Além disso, a falta do registro de nascimento impede que o cidadão obtenha a Carteira de Trabalho. “Ele (o cidadão) não poderá ter emprego com carteira assinada e estará exposto a abusos pelos patrões, ficando até propício ao trabalho escravo. Inclusive, pode expor crianças em situação de vulnerabilidade ao trabalho infantil, exploração sexual, ao aliciamento para o crime e ao tráfico de drogas”, complementa.
Já para o Estado, essa ausência impacta nos dados demográficos, afetando diretamente a garantia de direitos e justiça. Isso também acarreta em uma falha na contribuição tributária por parte desses indivíduos, destaca o Cartório 9º Ofício.
Outro ponto, é o combate às desigualdades sociais e a erradicação da pobreza que fica comprometido quando há um grande número de pessoas sem sua documentação civil em ordem, afirma o membro do INPPDH.
Por que isso acontece?
De acordo com uma pesquisa coordenada pelo Conselho Nacional de Justiça (CNJ), os principais motivos para a ausência do Registro Civil são a desinformação, o alto índice de analfabetismo e o isolamento de comunidades afastadas. “Na maioria das situações são pessoas que vivem no interior em zona rural, em extrema pobreza ou não têm condições de se deslocarem até um cartório”, explica o Cartório 9º Ofício.
Nesse sentido, as regiões mais afetadas pela falta de registro de nascimento são a Norte (5,11%) e Nordeste (1,66%), segundo o IBGE. Para o advogado, o desconhecimento dos pais sobre a importância do registro civil para o pleno exercício da cidadania, aliado à falta de implementação de políticas públicas adequadas, contribuem significativamente para a falta de registro nessas regiões.
Expectativa futura
Segundo o Censo do IBGE, em 2022, o Brasil registrou 2.574.556 nascidos vivos e o percentual de sub-registro foi de 1,31% (33.726 nascimentos), o menor da série histórica iniciada em 2015. “Embora decrescente, o número de pessoas não registradas ainda é grande no Brasil”, ressalta o geógrafo.
É por isso que o Governo deve investir na informação através de veículos de comunicação, fazer campanhas e orientar a população em relação à importância do RCN. Além de aplicar as legislações existentes e promover a continuidade e o avanço das políticas públicas, como o Sistema Interligado e a Central de Informações de Registro Civil das Pessoas Naturais, destacam a advogada e o geógrafo.
Outro ponto, é a ampliação nas formas de obtenção da certidão de nascimento, por meio da instalação de pontos de registro civil, especialmente nas regiões com os maiores índices de falta de registro.

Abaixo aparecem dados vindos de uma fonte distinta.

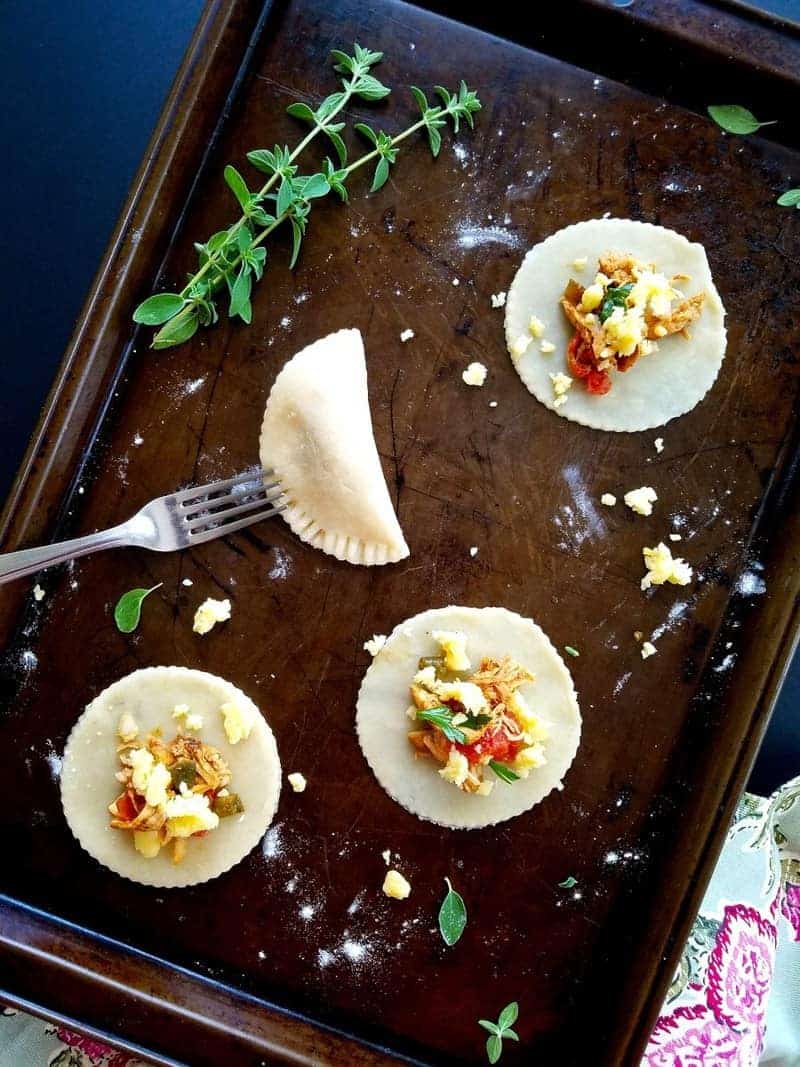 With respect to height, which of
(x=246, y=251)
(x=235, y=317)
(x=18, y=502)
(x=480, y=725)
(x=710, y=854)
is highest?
(x=246, y=251)

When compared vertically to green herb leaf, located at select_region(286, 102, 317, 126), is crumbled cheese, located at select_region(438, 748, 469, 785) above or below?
below

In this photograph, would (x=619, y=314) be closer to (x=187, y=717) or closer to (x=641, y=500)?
(x=641, y=500)

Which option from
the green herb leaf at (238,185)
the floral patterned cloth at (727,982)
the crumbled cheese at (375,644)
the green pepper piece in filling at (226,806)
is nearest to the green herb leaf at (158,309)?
the green herb leaf at (238,185)

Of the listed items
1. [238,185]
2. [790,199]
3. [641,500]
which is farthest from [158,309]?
[790,199]

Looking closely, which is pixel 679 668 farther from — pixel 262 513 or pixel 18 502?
pixel 18 502

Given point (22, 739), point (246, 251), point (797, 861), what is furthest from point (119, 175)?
point (797, 861)

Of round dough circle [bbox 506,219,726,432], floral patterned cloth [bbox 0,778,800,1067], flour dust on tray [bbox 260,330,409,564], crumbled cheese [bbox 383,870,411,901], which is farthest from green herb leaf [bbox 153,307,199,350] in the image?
floral patterned cloth [bbox 0,778,800,1067]

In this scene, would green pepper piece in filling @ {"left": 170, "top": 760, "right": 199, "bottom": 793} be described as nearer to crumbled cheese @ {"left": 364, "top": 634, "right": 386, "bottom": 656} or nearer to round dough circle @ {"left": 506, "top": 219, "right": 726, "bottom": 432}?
crumbled cheese @ {"left": 364, "top": 634, "right": 386, "bottom": 656} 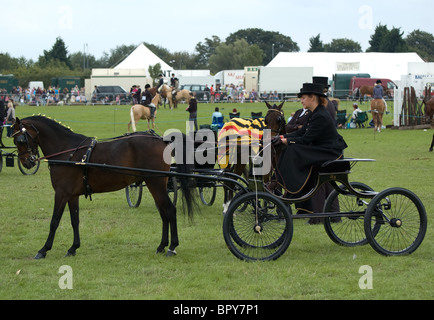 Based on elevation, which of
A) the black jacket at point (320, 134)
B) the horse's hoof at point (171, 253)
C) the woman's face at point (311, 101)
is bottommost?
the horse's hoof at point (171, 253)

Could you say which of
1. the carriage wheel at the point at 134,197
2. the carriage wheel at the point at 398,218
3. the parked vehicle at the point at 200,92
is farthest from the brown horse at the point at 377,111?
the parked vehicle at the point at 200,92

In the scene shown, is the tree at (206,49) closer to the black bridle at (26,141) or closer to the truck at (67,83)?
the truck at (67,83)

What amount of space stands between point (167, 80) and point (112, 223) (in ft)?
170

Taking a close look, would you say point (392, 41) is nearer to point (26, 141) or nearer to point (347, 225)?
point (347, 225)

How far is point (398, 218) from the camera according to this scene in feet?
24.8

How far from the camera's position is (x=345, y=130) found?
3058 cm

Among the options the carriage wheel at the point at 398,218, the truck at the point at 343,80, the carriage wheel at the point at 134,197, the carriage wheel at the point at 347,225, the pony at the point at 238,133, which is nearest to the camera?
the carriage wheel at the point at 398,218

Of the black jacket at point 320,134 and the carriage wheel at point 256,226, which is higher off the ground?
the black jacket at point 320,134

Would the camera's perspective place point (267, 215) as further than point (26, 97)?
No

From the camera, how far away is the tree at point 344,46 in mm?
115688

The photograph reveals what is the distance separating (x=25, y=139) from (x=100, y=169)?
44.4 inches

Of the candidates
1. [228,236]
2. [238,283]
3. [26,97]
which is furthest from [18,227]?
[26,97]

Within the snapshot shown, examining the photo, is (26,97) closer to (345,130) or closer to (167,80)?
(167,80)

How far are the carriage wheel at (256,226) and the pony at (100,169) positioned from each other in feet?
2.88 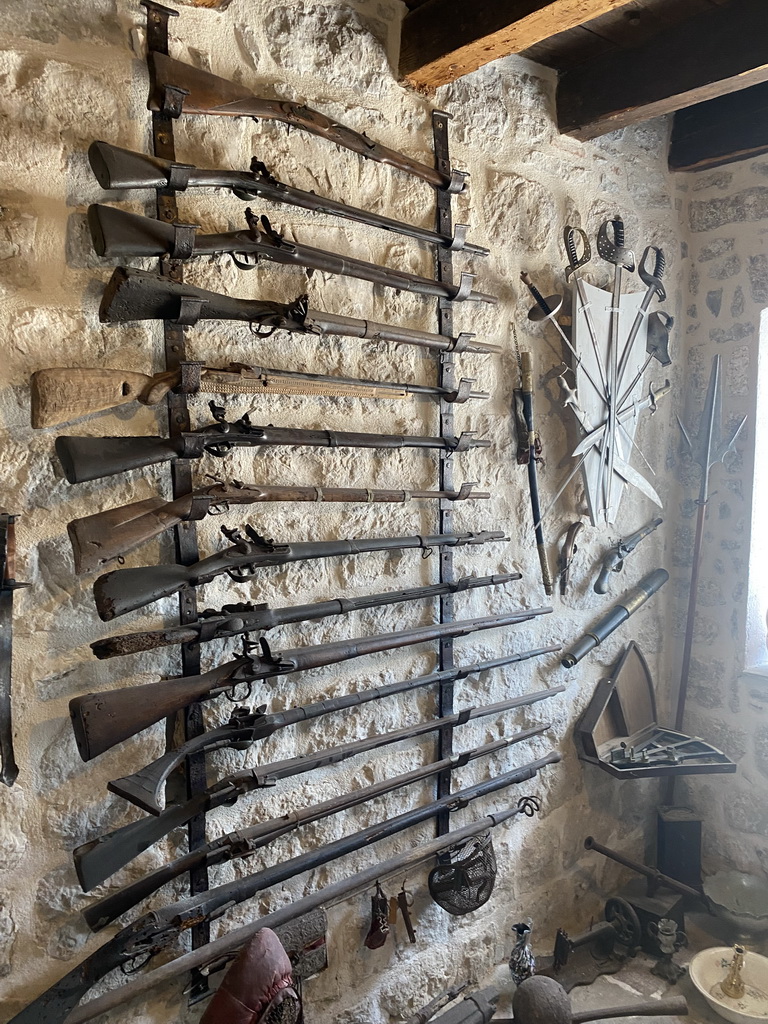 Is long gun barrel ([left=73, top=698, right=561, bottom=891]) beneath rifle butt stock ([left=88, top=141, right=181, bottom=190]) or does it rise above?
beneath

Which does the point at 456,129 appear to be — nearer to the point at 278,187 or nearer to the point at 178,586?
the point at 278,187

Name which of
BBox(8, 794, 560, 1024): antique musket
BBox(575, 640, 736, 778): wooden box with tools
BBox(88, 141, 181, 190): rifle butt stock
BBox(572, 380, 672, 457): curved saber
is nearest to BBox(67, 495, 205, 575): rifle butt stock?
BBox(88, 141, 181, 190): rifle butt stock

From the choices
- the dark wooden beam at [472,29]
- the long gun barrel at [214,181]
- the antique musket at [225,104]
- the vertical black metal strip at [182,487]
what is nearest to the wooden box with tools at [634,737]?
the vertical black metal strip at [182,487]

Isso inclui a capacitação de mais profissionais para realizar essa atividade. Tais iniciativas são enfatizadas tanto pelo advogado quanto pelo Cartório 9º Ofício.

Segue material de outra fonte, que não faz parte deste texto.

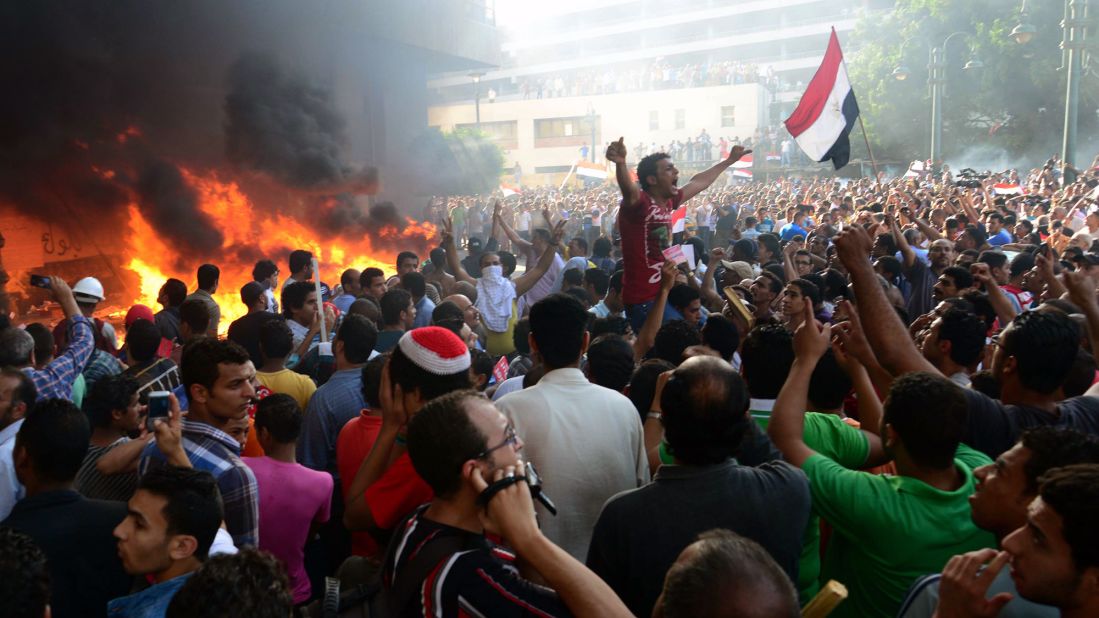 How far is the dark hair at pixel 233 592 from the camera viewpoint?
2.02 meters

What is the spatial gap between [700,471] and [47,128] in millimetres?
14738

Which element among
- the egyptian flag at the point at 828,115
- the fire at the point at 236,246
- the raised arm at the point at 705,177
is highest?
the egyptian flag at the point at 828,115

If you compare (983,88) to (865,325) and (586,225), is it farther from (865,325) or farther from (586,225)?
(865,325)

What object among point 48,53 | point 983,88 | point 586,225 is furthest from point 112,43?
point 983,88

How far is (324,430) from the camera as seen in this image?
14.8 feet

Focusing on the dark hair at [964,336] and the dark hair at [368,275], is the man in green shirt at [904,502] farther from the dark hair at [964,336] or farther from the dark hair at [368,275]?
the dark hair at [368,275]

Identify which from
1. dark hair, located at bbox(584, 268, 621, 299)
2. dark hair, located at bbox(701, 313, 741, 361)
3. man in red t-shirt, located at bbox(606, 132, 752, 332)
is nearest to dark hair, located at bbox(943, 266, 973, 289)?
man in red t-shirt, located at bbox(606, 132, 752, 332)

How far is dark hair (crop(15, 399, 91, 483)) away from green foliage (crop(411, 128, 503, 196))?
68.3 feet

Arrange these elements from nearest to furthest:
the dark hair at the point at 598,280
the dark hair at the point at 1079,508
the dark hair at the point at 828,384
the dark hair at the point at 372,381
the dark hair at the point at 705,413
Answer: the dark hair at the point at 1079,508 → the dark hair at the point at 705,413 → the dark hair at the point at 828,384 → the dark hair at the point at 372,381 → the dark hair at the point at 598,280

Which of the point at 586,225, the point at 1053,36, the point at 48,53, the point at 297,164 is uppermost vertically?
the point at 1053,36

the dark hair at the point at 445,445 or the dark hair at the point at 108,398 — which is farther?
the dark hair at the point at 108,398

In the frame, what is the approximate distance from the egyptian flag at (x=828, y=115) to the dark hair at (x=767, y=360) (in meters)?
6.47

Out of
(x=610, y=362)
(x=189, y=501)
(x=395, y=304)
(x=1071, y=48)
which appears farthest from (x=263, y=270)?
(x=1071, y=48)

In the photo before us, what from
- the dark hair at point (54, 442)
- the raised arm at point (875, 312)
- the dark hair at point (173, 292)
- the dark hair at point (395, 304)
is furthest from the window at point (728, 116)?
the dark hair at point (54, 442)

Com o avanço da informatização e do Sistema Interligado, que possibilitam a emissão do RCN na maternidade, o número de nascidos vivos sem o registro tem se mantido abaixo dos 2% desde 2022, aponta o IBGE. Nesse contexto, “a expectativa da Corregedoria Nacional e do Operador Nacional do Registro Civil de Pessoas Naturais é que o sub-registro e o não registro estejam erradicados até 2030, que também aparece como objetivo de desenvolvimento sustentável da ONU.”